WHAT YOU ARE ASKED TO DO
Leave out the pictures and repeat exactly the lines from the one containing "Lot #117 Lyndon" through the final line of the listing below.

INFORMATION SUPPLIED
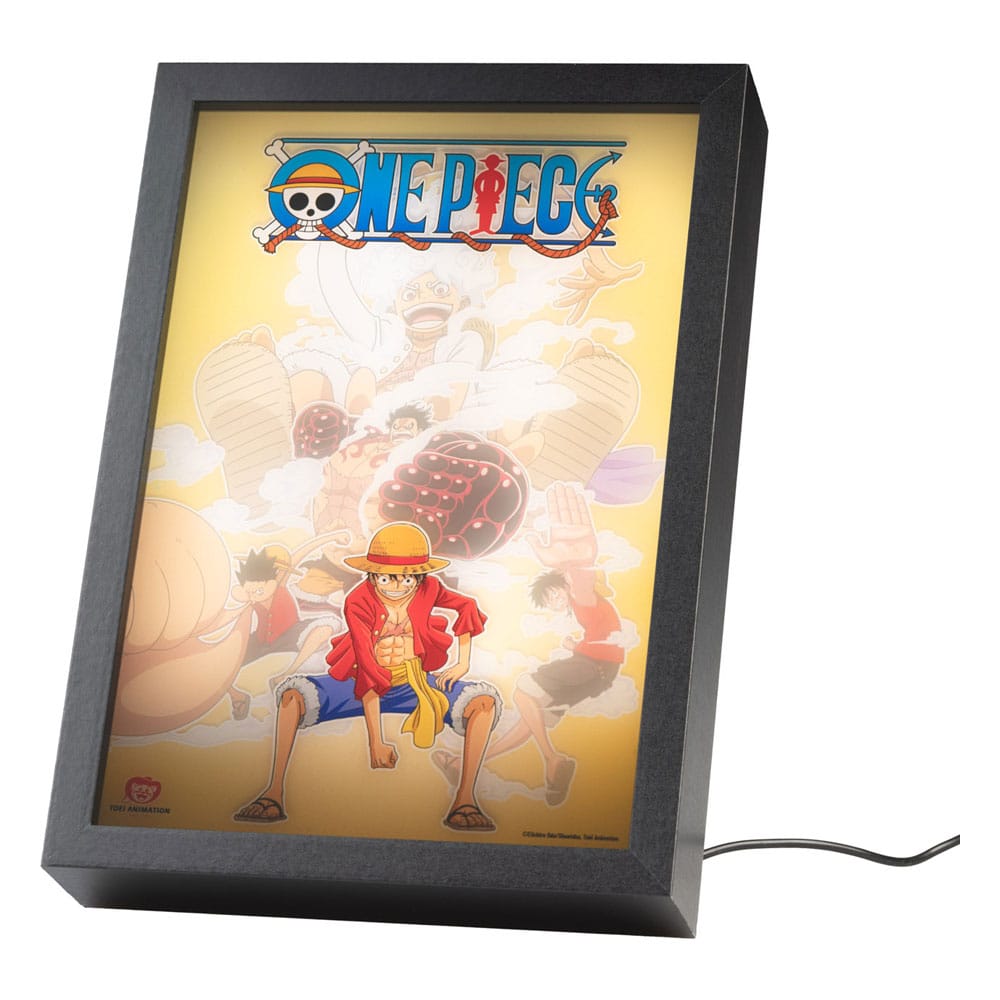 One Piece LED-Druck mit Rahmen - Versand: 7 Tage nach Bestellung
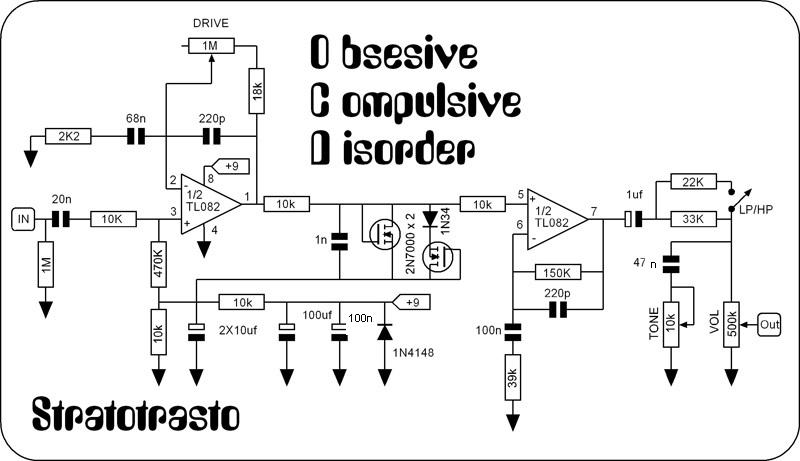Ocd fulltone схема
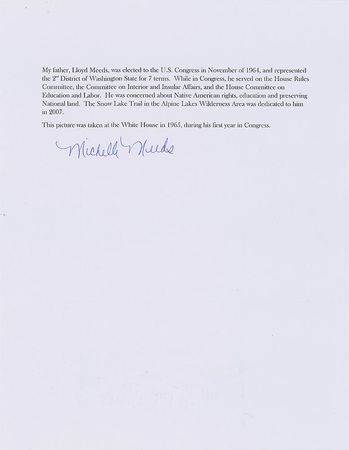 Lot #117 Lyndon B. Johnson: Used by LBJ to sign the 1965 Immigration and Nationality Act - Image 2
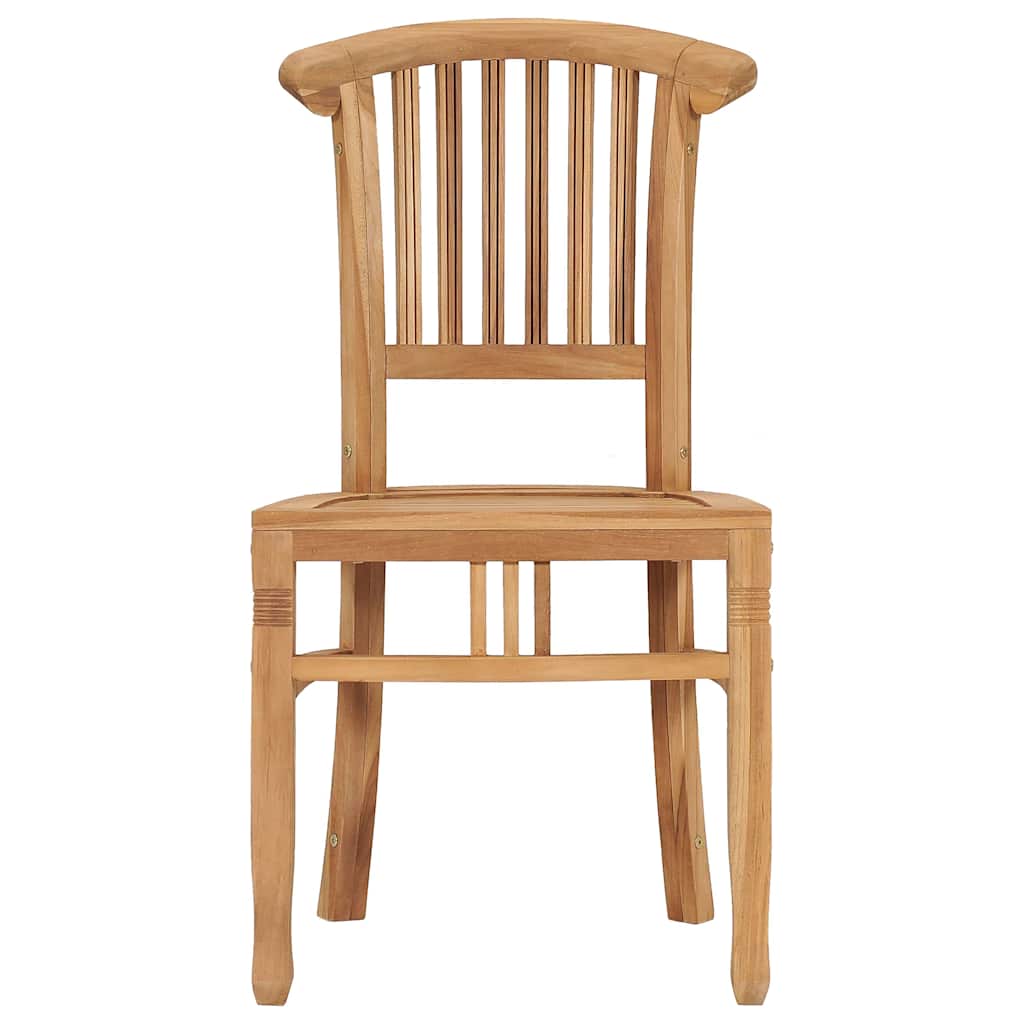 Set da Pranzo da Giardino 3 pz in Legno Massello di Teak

OUTPUT OF THE EXERCISE
 Lot #117 Lyndon B. Johnson: Used by LBJ to sign the 1965 Immigration and Nationality Act - Image 2
 Set da Pranzo da Giardino 3 pz in Legno Massello di Teak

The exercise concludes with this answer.